You can do this manually, by using chcp and passing your required code page, then run your application and it should output the text perfectly fine.
If it was a multie byte character set problem then there would be a whole list of other issues:
Under MBCS, characters are encoded in either one or two bytes. In two-byte characters, the first, or "lead-byte," signals that both it and the following byte are to be interpreted as one character. The first byte comes from a range of codes reserved for use as lead bytes. Which ranges of bytes can be lead bytes depends on the code page in use. For example, Japanese code page 932 uses the range 0x81 through 0x9F as lead bytes, but Korean code page 949 uses a different range.
Looking at the situation, and that the length was 4 instead of 2. I would say that the file format has been saved in UTF-8 (It could in fact been saved in UTF-16, though you would of run into problems sooner than later with the compiler). You're using characters that are not within the ASCII range of 0 to 127, UTF-8 is encoding the Unicode code point to two bytes. Your compiler is opening the file and assuming its your default OS code page or ANSI C. When parsing your string, it's interpreting the string as a ANSI C Strings 1 byte = 1 character.
To sove the issue, under windows convert the UTF-8 string to UTF-16 and print it with wprintf. Currently there is no native UTF-8 support for the Ascii/MBCS stdio functions.
For Mac OS-X, that has the default OS code page of UTF-8 then I would recommend following Jonathan Leffler solution to the problem because it is more elegant. Though if you port it to Windows later, you will find you will need to covert the string from UTF-8 to UTF-16 using the example bellow.
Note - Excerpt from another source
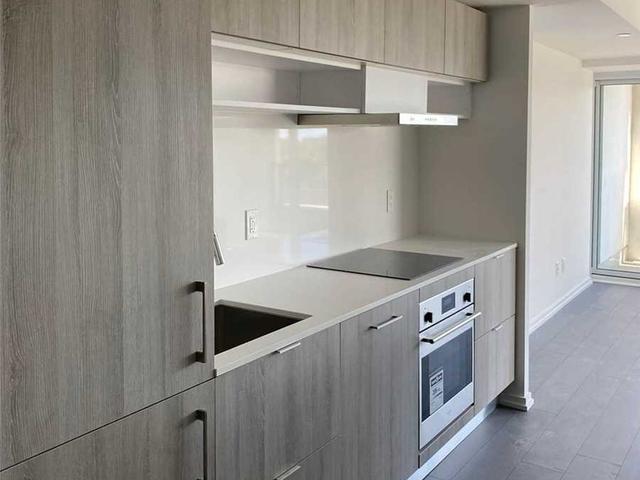 828 - 8 Hillsdale Ave E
In either solution you will still need to change the command prompt code page to your operating system code page to print the characters above ASCII correctly.
#include <stdio.h>
#include <stdlib.h>
#include <string.h>
#include <Windows.h>
#include <locale>
// File saved as UTF-8, with characters outside the ASCII range
int main()
{
// Set the OEM code page to be the default OS code page
setlocale(LC_ALL, "");
// äö reside outside of the ASCII range and in the Unicode code point Western Latin 1
// Thus, requires a lead byte per unicode code point when saving as UTF-8
char* hmm = "äö";
printf("UTF-8 file string using Windows 1252 code page read as:%s\n",hmm);
printf("Length:%d\n", strlen(hmm));
// Convert the UTF-8 String to a wide character
int nLen = MultiByteToWideChar(CP_UTF8, 0,hmm, -1, NULL, NULL);
LPWSTR lpszW = new WCHAR[nLen];
MultiByteToWideChar(CP_UTF8, 0, hmm, -1, lpszW, nLen);
// Print it
wprintf(L"wprintf wide character of UTF-8 string: %s\n", lpszW);
// Free the memory
delete[] lpszW;
int c = getchar();
return 0;
}
UTF-8 file string using Windows 1252 code page read as:äö
Length:4
wprintf wide character of UTF-8 string: äö
i would check your command prompt font/code page to make sure that it can display your os single byte encoding. note command prompt has its own code page that differs to your text editor.